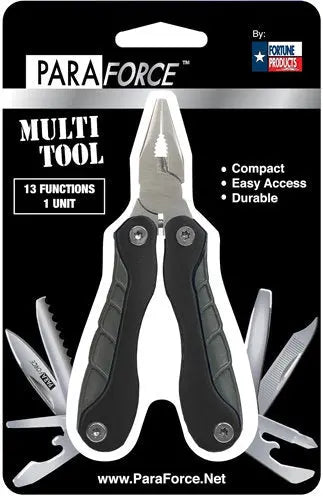 Accusharp ParaForce Compact Multi-Tool Paraforce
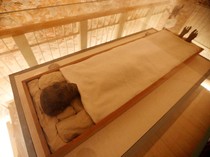Terungkap Lewat Tes DNA, Ini Kemungkinan Penyebab Kematian Raja Firaun Tutankhamun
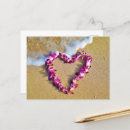 Recherche de orchidée rose cartes postales Hawaii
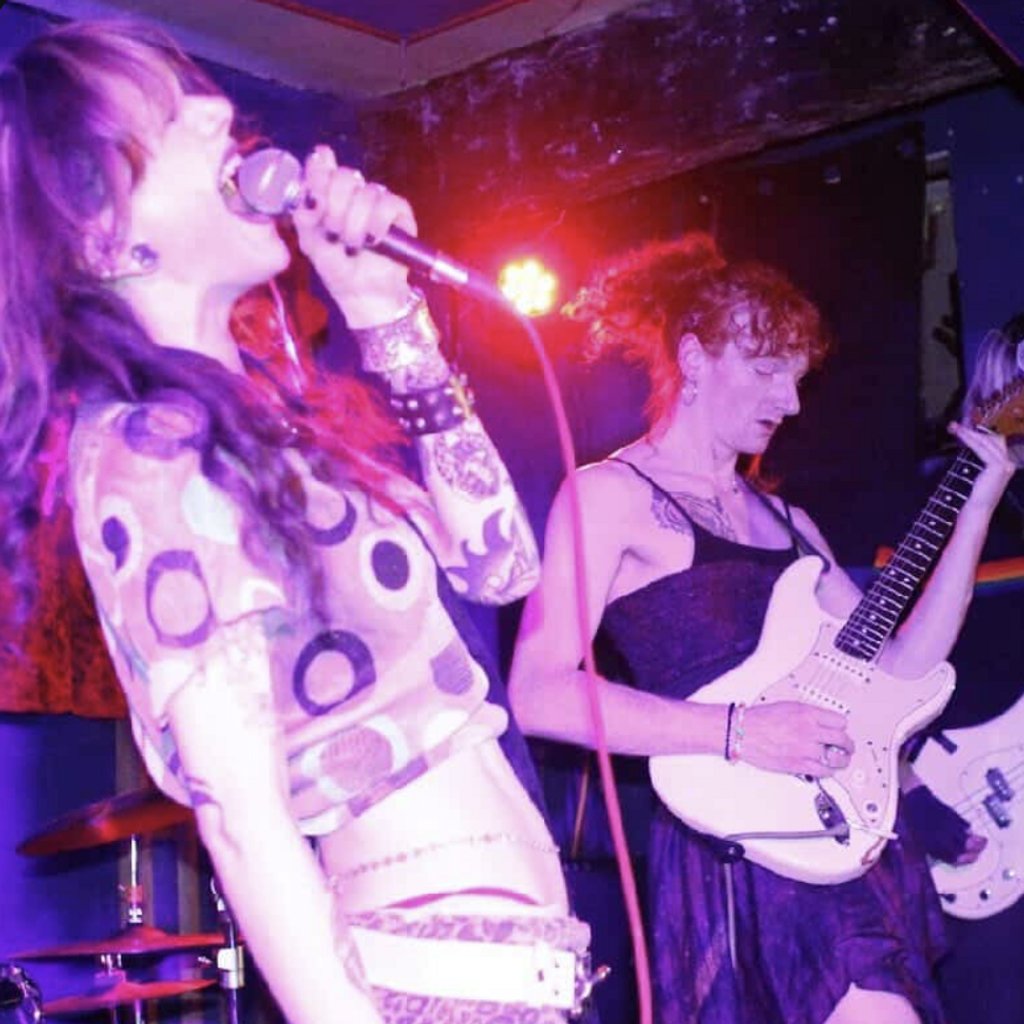 Woke Nonsense, Rat Pakk, The Bridgemen // Dystopia Promotions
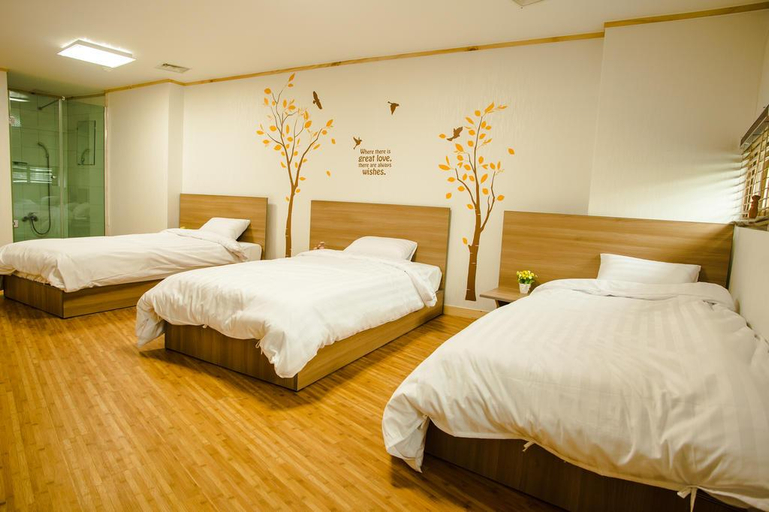 Bedroom 4, Mk Liberty House, Yongsan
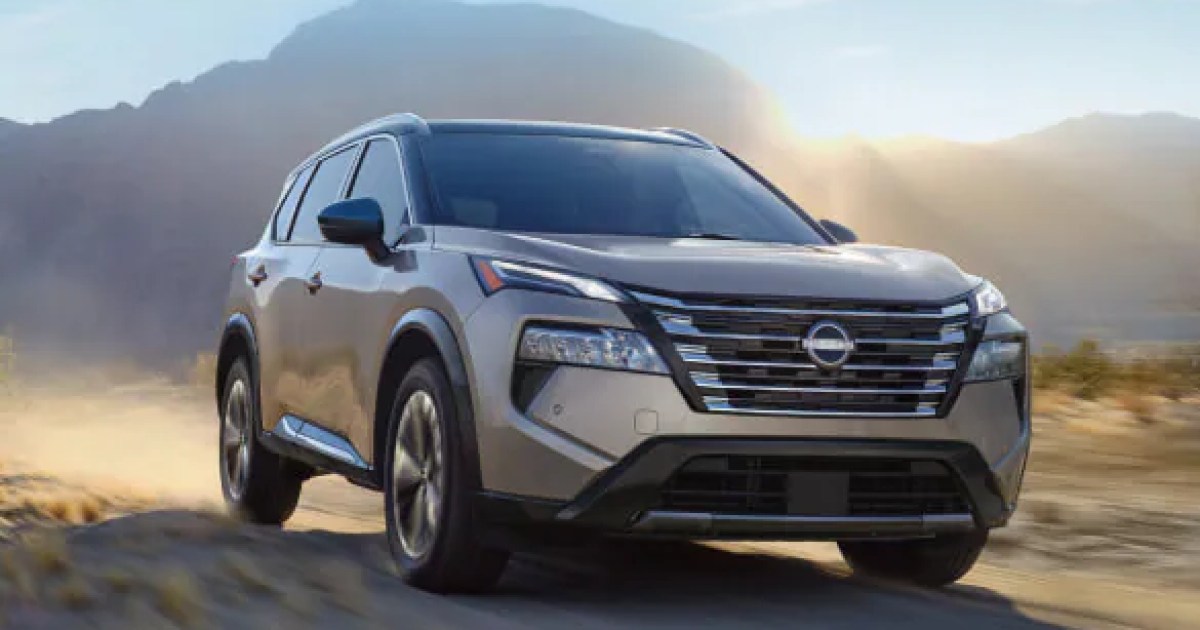 Nissan Rogue joins the plug-in hybrid club in 2025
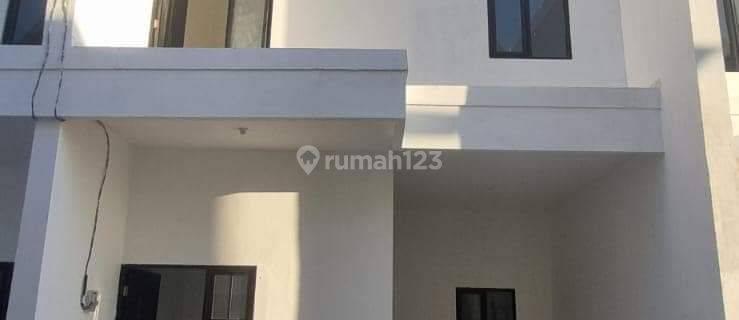 Rumah Baru Gress Wage Sidoarjo 1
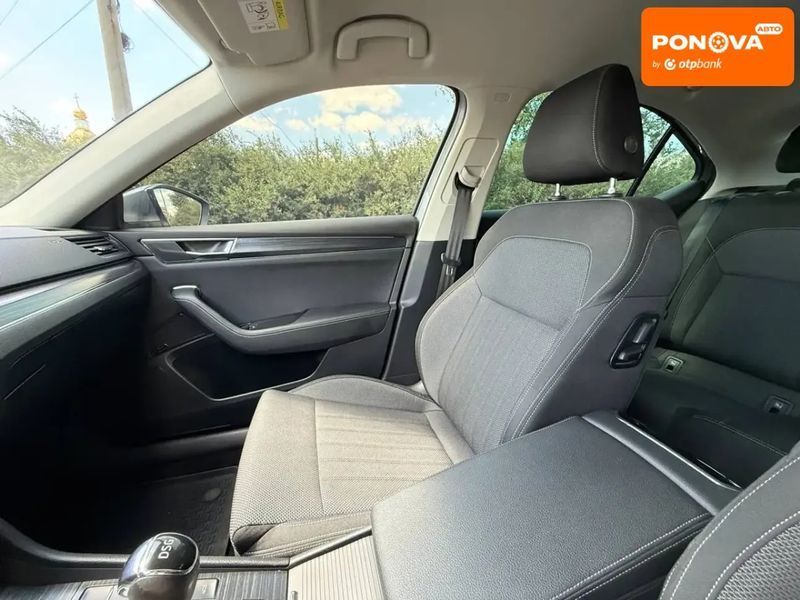 Skoda Superb, 2020 г., Дизель, 182 тыс. км, Лифтбек, Серый, Кривой Рог AT-10396330 фото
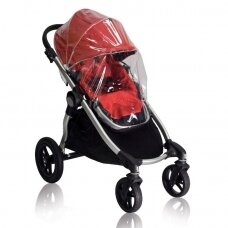 "Baby Jogger" - "City Mini Select" vežimėlio apsauga nuo lietaus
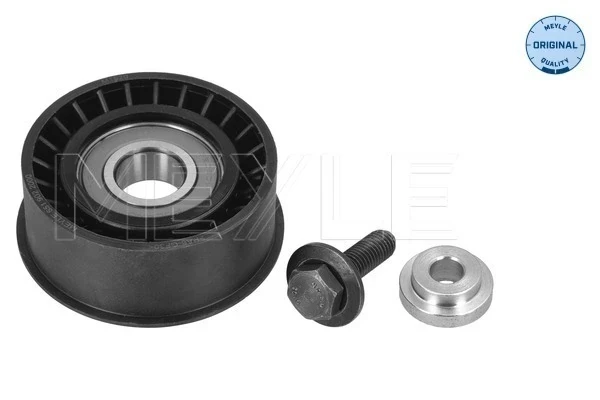Rolo parasita da correia do mecanismo de distribuição de gás para Opel Astra (F07)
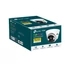 Kép 4/7 - TP-Link IP turretkamera - C440 (FullColor, 4MP, 4mm, H265+, fehér LED30m, IR30m, PoE/12VDC)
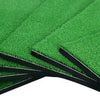 Backyard Golf Mat Training Aids Hitting Swing Pad Practice Grass Outdoor Driving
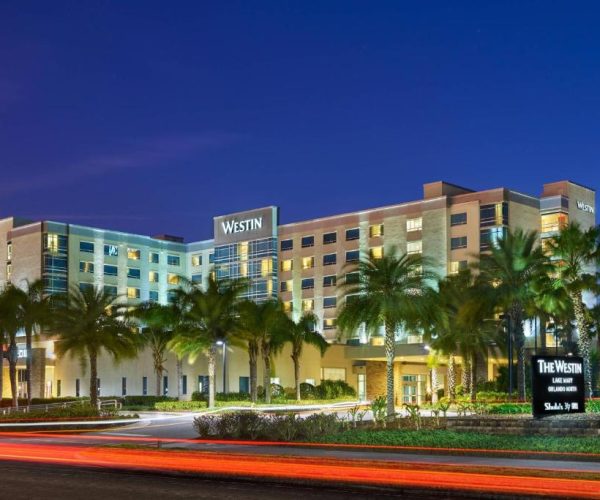 The Westin Lake Mary, Orlando North – Lake Mary, Florida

^^^^^^^^

▶ YOUR GOAL: An exact retyping of each record, with no pictures, is the answer required.

▶ RESPONSE AREA:
 Accusharp ParaForce Compact Multi-Tool Paraforce
Terungkap Lewat Tes DNA, Ini Kemungkinan Penyebab Kematian Raja Firaun Tutankhamun
 Recherche de orchidée rose cartes postales Hawaii
 Woke Nonsense, Rat Pakk, The Bridgemen // Dystopia Promotions
 Bedroom 4, Mk Liberty House, Yongsan
 Nissan Rogue joins the plug-in hybrid club in 2025
 Rumah Baru Gress Wage Sidoarjo 1
 Skoda Superb, 2020 г., Дизель, 182 тыс. км, Лифтбек, Серый, Кривой Рог AT-10396330 фото
 "Baby Jogger" - "City Mini Select" vežimėlio apsauga nuo lietaus
Rolo parasita da correia do mecanismo de distribuição de gás para Opel Astra (F07)
 Kép 4/7 - TP-Link IP turretkamera - C440 (FullColor, 4MP, 4mm, H265+, fehér LED30m, IR30m, PoE/12VDC)
 Backyard Golf Mat Training Aids Hitting Swing Pad Practice Grass Outdoor Driving
 The Westin Lake Mary, Orlando North – Lake Mary, Florida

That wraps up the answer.